13. I will put my trust in him—from the Septuagint, Isa 8:17, which immediately precedes the next quotation, "Behold, I and the children," &c. The only objection is the following words, "and again," usually introduce a new quotation, whereas these two are parts of one and the same passage. However, this objection is not valid, as the two clauses express distinct ideas; "I will put my trust in Him" expresses His filial confidence in God as His Father, to whom He flees from His sufferings, and is not disappointed; which His believing brethren imitate, trusting solely in the Father through Christ, and not in their own merits. "Christ exhibited this "trust," not for Himself, for He and the Father are one, but for His own people" (Heb 2:16). Each fresh aid given Him assured Him, as it does them, of aid for the future, until the complete victory was obtained over death and hell Php 1:16 [Bengel].

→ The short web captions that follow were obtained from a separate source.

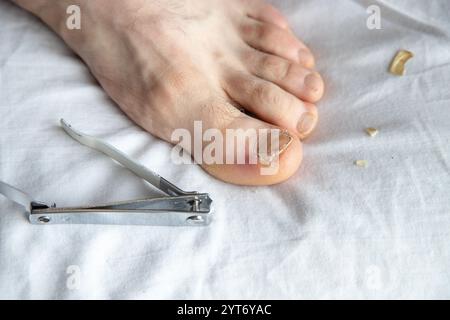 Ein beschädigter Zehennagel, der mit Nagelschneider auf einer weißen Oberfläche geschnitten wird. In Innenräumen genommen, zeigt es persönliche Pflege und Hygiene, um Nagelgesundheit Probleme zu behandeln Stockfoto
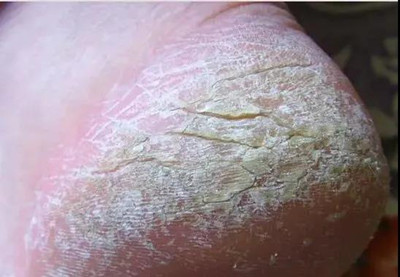 夏季常见的五种皮肤病有哪些?怎么预防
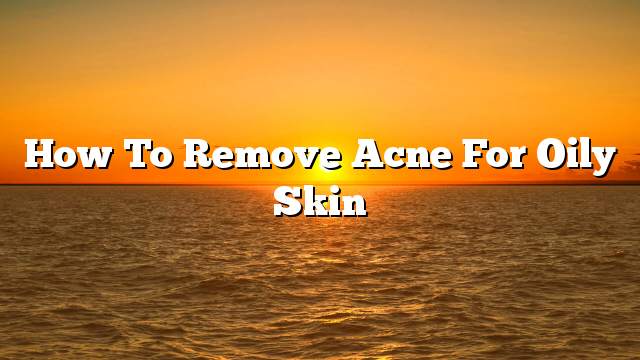 How to remove acne for oily skin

Behold I and the children, &c.—(Isa 8:18). "Sons" (Heb 2:10), "brethren" (Heb 2:12), and "children," imply His right and property in them from everlasting. He speaks of them as "children" of God, though not yet in being, yet considered as such in His purpose, and presents them before God the Father, who has given Him them, to be glorified with Himself. Isaiah (meaning "salvation of Jehovah") typically represented Messiah, who is at once Father and Son, Isaiah and Immanuel (Isa 9:6). He expresses his resolve to rely, he and his children, not like Ahaz and the Jews on the Assyrian king, against the confederacy of Pekah of Israel, and Rezin of Syria, but on Jehovah; and then foretells the deliverance of Judah by God, in language which finds its antitypical full realization only in the far greater deliverance wrought by Messiah. Christ, the antitypical Prophet, similarly, instead of the human confidences of His age, Himself, and with Him God the Father's children (who are therefore His children, and so antitypical to Isaiah's children, though here regarded as His "brethren," compare Isa 9:6; "Father" and "His seed," Isa 53:10) led by Him, trust wholly in God for salvation. The official words and acts of all the prophets find their antitype in the Great Prophet (Re 19:10), just as His kingly office is antitypical to that of the theocratic kings; and His priestly office to the types and rites of the Aaronic priesthood.